Revision history for this message
kapouer (kapouer) wrote :

Le ven. 2 nov. 2018 à 19:10, Dan Kegel <email address hidden> a écrit :

> Then my original bug report was correct. nodejs needs to be updated to a
> version that uses ubuntu 18.04's openssl instead of using the
> incompatible one. Shall I refile?
>

There are actually two issues:
- the one you just talked about (using openssl 1.1.1)
- the NODE_MODULE_VERSION advertised by ubuntu or debian does not match the
one provided by upstream, so it needs to be changed.

Jérémy

Revision history for this message
Steve Langasek (vorlon) wrote :

On November 2, 2018 11:04:43 AM PDT, Dan Kegel <email address hidden> wrote:
>Then my original bug report was correct. nodejs needs to be updated to
>a
>version that uses ubuntu 18.04's openssl instead of using the
>incompatible one. Shall I refile?

Could you please clarify what it is you're trying to achieve?

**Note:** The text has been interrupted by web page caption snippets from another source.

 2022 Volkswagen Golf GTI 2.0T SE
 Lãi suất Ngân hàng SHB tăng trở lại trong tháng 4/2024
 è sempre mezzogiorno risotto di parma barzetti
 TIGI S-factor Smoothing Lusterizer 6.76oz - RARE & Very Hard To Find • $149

If this is about coinstallability of two unrelated stacks of -dev packages, that is not something we are going to make changes in the stable release of Ubuntu in order to support.

If this is about some piece of software requiring both libssl-dev and libssl1.0-dev to be installed at build time due to transitive dependencies, we could reconsider whether to make changes to the packaging to support this for specific situations (i.e., reverting my "wontfix").

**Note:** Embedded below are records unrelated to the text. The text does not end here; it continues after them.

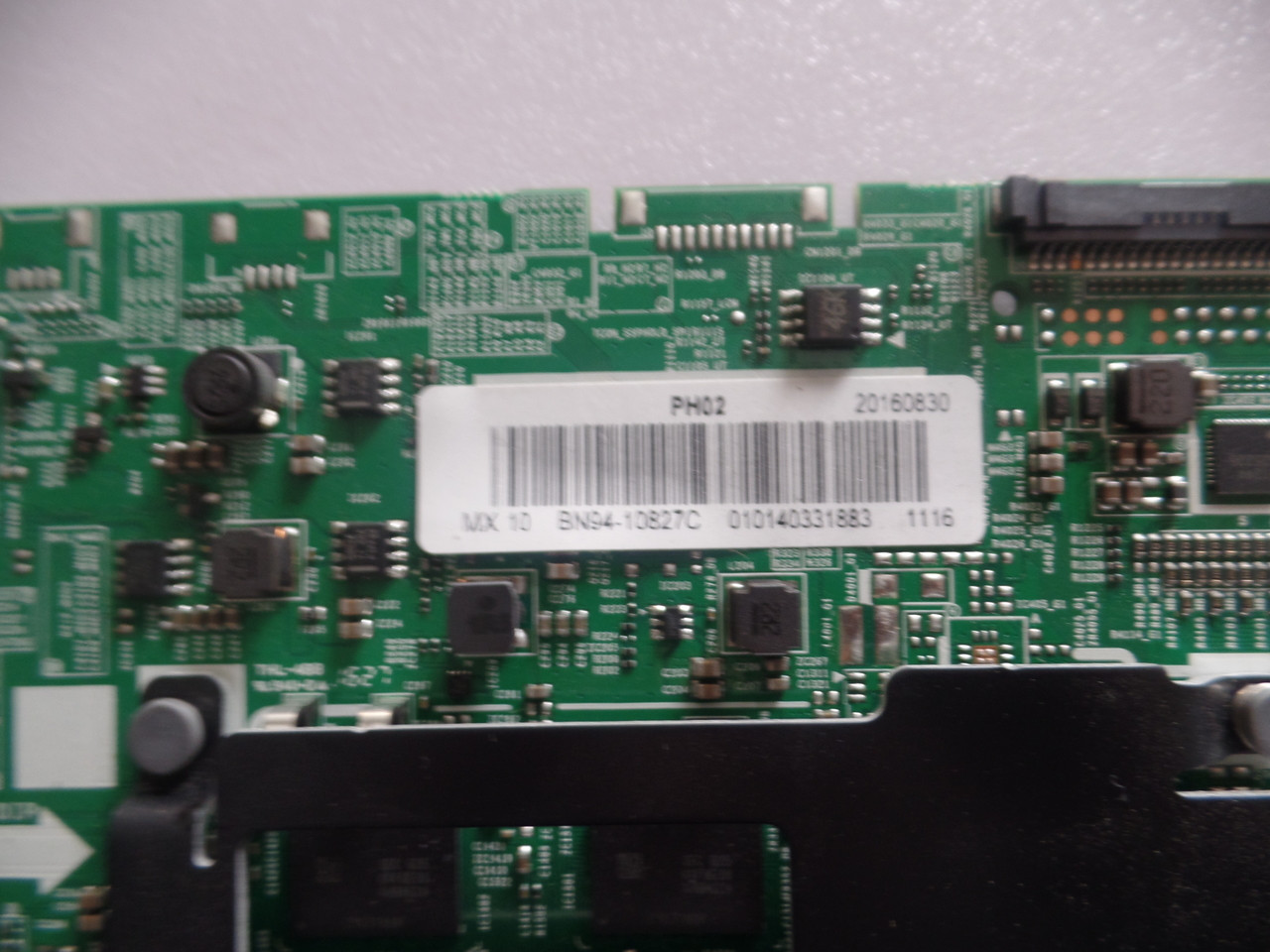 BN94-10827C Main Board for Samsung UN55KU650DFXZA (Version FA01)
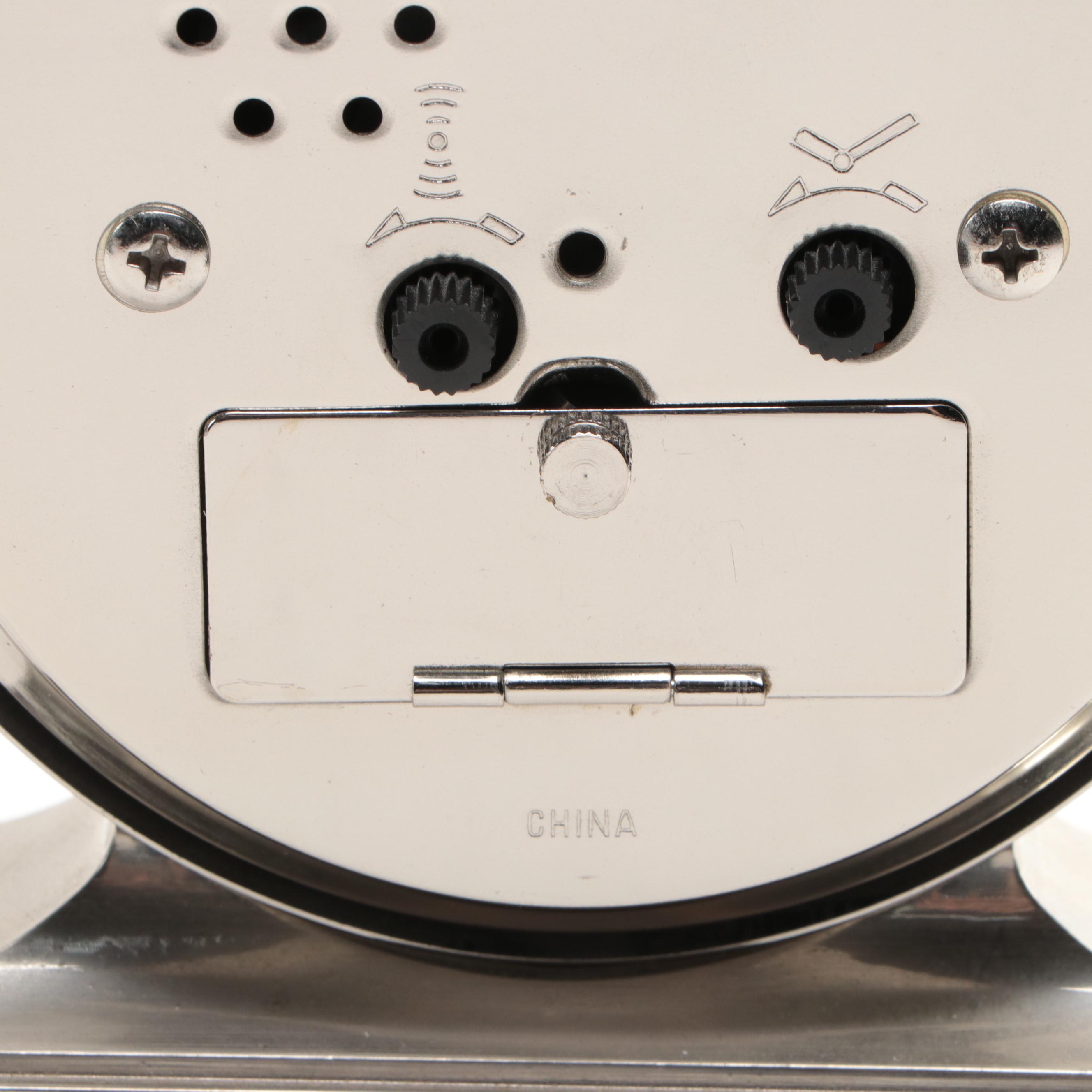 Sterling & Noble and Big Ben Desk Clocks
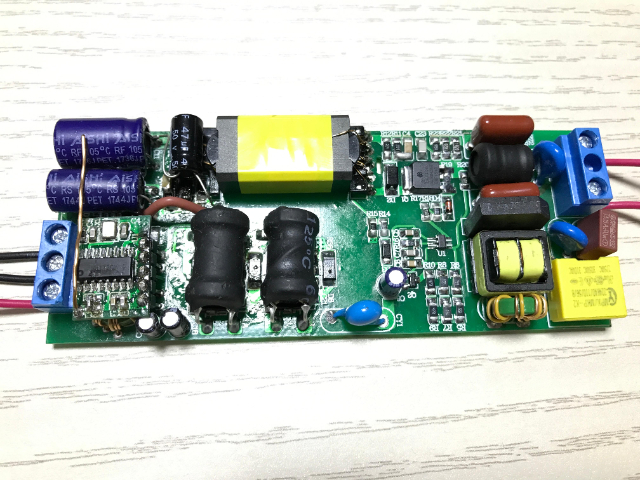 AS2471DC-DC恒流LED調(diào)光驅(qū)動(dòng)芯片工作原理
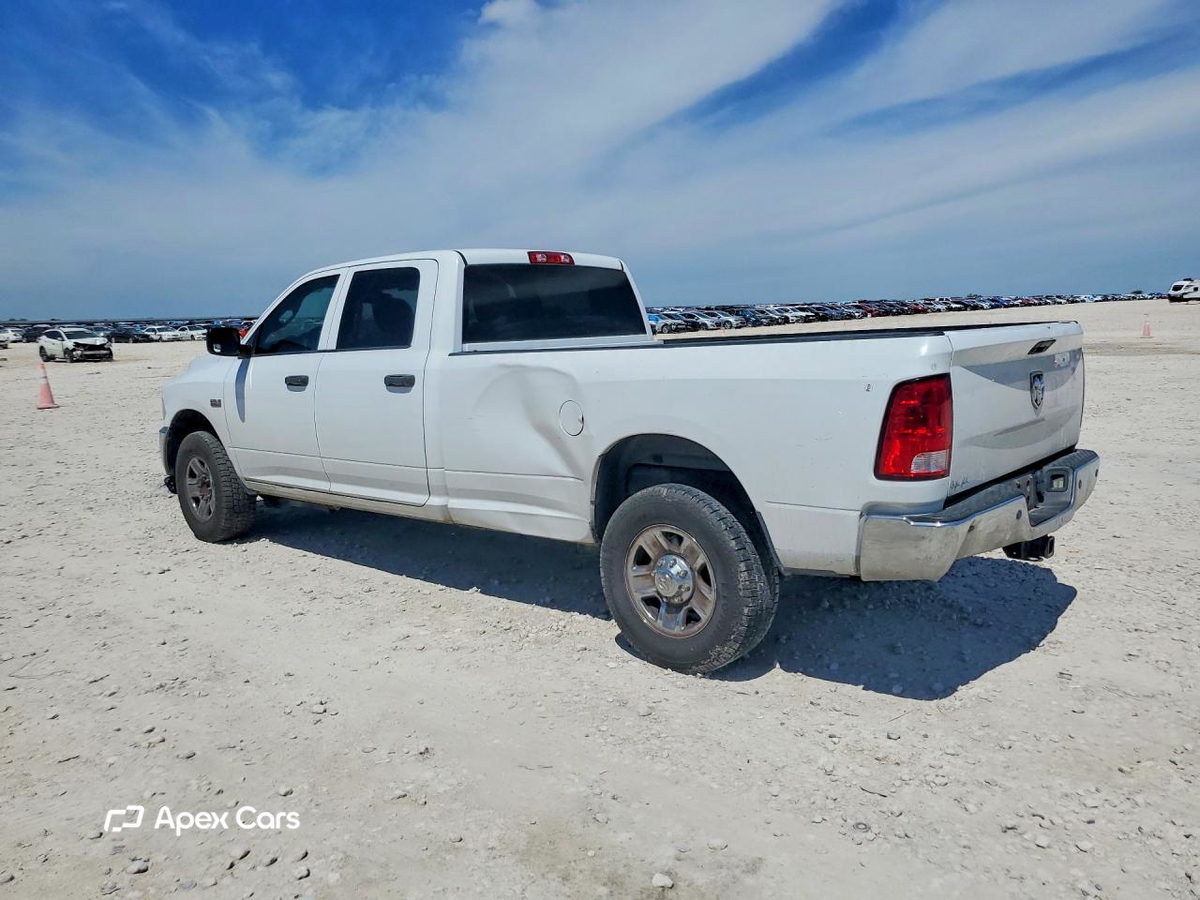 RAM 2500 2016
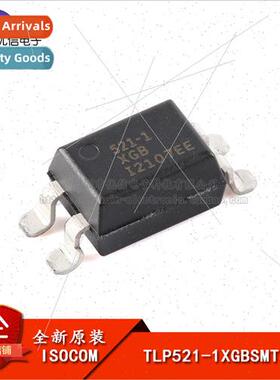 al Genuine ISOCOM/TLP521-1XGBSMTamp;RSMD-4 Replace Toshiba 5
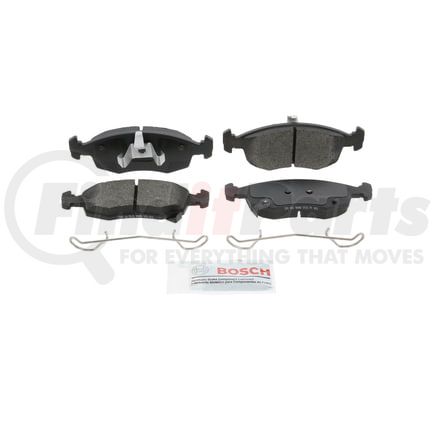 Bosch BE1568H Disc Brake Pad Set Bosch Brake Pads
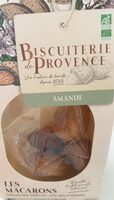 Macarons amande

We would not do a wholesale update of nodejs in SRU to the version upstream represents is compatible with OpenSSL 1.1; so the status of the bug tasks for that package remains correct.

Revision history for this message
Steve Langasek (vorlon) wrote :

On Fri, Nov 02, 2018 at 06:19:54PM -0000, kapouer wrote:
> - the NODE_MODULE_VERSION advertised by ubuntu or debian does not match the
> one provided by upstream, so it needs to be changed.

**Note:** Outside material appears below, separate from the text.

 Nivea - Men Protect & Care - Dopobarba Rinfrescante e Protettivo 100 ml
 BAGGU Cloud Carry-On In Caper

How do you mean? The previous SRU of nodejs was specifically intended to
address the issue of binary compatibility with upstream.

Revision history for this message
kapouer (kapouer) wrote :

Le ven. 2 nov. 2018 à 20:01, Steve Langasek <email address hidden>
a écrit :

> On Fri, Nov 02, 2018 at 06:19:54PM -0000, kapouer wrote:
> > - the NODE_MODULE_VERSION advertised by ubuntu or debian does not match
> the
> > one provided by upstream, so it needs to be changed.
>
> How do you mean? The previous SRU of nodejs was specifically intended to
> address the issue of binary compatibility with upstream.
>

I did mean
 - the NODE_MODULE_VERSION advertised by ubuntu or debian *MIGHT* (unless
special action has been taken otherwise)
not match the one provided by upstream, so it needs to be changed.

Sorry.

Revision history for this message
Dan Kegel (dank) wrote :

Here's a short way to see the failure:

1) make sure /etc/apt/sources.list has bionic-updates enabled for universe (and multiverse?)
2) sudo apt update
3) sudo apt install nodejs-dev libssl-dev
...
The following packages have unmet dependencies:
 nodejs-dev : Depends: libssl1.0-dev (>= 1.0.2) but it is not going to be installed
E: Unable to correct problems, you have held broken packages.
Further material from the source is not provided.